There's more to it than that. Not everyone bumps at the same time, for one thing, meaning sometimes the party are faced with a tough choice of carrying on without training or stopping and going back to town so some people can train up. Or, sometimes a character stays put to train while the rest go off and do something else (and the training PC's player brings in a replacement or cycles in another pre-existing PC).
OTOH the version in the 1e DMG is just borked. I assume it was intended to suck up excessive quantities of cash that PCs were assumed to be accumulating in most games. If you took the 1-4 RP rating seriously and the average was 2.5, then you had to get almost 3x more gold than XP to advance due to training fees, which basically means you'd always be at level+1 -1XP blocked on training at all times and losing 2/3 of your potential XP. It just didn't work at all!
That rating system was dumb, and I abandoned it before I even started DMing. :) I use a rough formula for training costs, same for everyone, with a bit of random variability thrown in just for kicks.
Even if you assume all PCs earn an RP rating of 1.0 all the time, you are most often blocked by unavailability of a trainer, and at high level this becomes basically an impossible situation.
After about name level a character doesn't need an outside trainer, as per 1e RAW I think (but I could be wrong on that). Before that, yes, in some cases finding a trainer can be difficult and-or time-consuming e.g. the nearest known trainer is a month's travel away. Fine with me.

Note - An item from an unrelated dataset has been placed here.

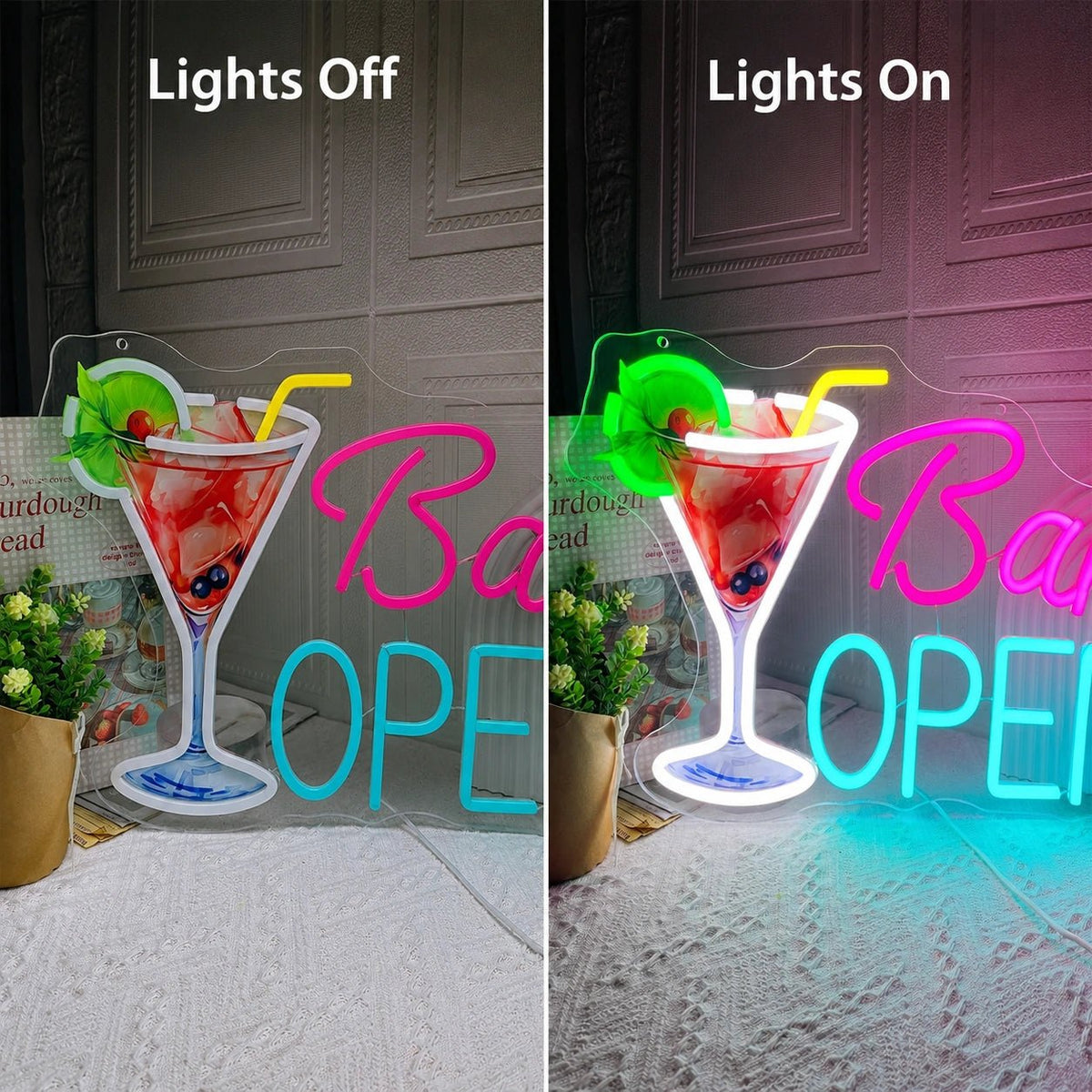 Bar Open Cocktail Glass Man Cave LED Neon Sign - Shineneon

Right, but again, why mechanics for it? I'd just say "OK, the fighter and the rogue practice, and the ranger goes off in the woods to study plants for a week." No need to fiddle with gold and such.
Training still costs money. That's not going away. :)

The meta-advantage of having characters train is that it puts most of the level-up bookkeeping off until they're back in town and doing other downtime stuff anyway e.g. treasury division, and thus are already in bookkeeping mode.